Vera Baird (Redcar) (Lab): It is perfectly clear that the Conservatives' motion would not only demote the paramountcy of the child's welfare and make it a mere "priority" but introduce a legal presumption that any parent should be entitled to contact, irrespective of what they had done, as long as they did not present a danger. Is that really what the right hon. Lady intends? Will she explain why she is specifically removing the paramountcy of the child's welfare?
Mrs. May: I admire many of the speeches that the hon. and learned Lady has made in the House, but the comments that she has just made are not worthy of her. If she reads the motion, she will see that we continue to give priority to the best interests of the child, and we expressly state that we are talking about cases in which safety is not a concern.
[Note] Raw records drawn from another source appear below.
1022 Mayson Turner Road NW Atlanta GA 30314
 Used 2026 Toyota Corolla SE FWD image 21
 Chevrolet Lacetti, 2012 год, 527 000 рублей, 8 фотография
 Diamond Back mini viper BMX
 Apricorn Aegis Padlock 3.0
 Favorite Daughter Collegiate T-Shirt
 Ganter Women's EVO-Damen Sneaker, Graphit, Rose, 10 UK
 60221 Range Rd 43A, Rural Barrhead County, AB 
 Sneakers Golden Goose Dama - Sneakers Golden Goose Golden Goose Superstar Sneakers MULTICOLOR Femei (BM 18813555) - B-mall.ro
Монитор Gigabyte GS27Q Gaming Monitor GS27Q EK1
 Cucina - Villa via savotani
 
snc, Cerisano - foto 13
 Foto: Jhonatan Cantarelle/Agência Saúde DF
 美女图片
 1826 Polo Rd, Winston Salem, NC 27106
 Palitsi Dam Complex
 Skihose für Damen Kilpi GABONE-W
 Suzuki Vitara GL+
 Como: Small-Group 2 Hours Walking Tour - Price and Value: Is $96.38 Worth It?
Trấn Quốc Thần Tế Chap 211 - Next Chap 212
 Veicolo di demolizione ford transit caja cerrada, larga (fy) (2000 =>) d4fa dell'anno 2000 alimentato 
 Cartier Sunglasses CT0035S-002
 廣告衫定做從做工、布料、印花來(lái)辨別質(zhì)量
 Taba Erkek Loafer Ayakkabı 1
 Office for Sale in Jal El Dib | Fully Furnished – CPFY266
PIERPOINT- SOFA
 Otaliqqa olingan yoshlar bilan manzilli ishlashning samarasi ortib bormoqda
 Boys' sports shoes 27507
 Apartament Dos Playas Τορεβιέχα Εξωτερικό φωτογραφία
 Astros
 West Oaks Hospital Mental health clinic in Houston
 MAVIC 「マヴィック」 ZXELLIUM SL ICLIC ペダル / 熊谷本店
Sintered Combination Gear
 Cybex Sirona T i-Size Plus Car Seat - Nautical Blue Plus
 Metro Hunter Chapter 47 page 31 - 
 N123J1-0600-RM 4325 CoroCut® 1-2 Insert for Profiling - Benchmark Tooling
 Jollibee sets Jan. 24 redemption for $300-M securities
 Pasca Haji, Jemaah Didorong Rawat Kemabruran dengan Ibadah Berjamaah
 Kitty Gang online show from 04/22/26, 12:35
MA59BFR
Vera Baird: The right hon. Lady is seeking to judge me harshly; I assume that is for reasons of self-defence. It is perfectly clear that the word "paramount" has been removed from the Conservatives' motion. "Paramount" means that the welfare of the child must come top, first and in front of everything else. "Priority" is a much softer word; it suggests that the interests of the child must take priority only over some things. I shall ask her a straightforward question: does she intend to demote the welfare of the child to below the legal right of any parent to have contact? That is what the motion says.
The difference between my party and the Government on this issue is that the Government consider that it is not in the best interests of the child to have proper contact with and access to both parents. I consider that the best parent for any child is both parents, and we intend to put a system in place that will allow such access.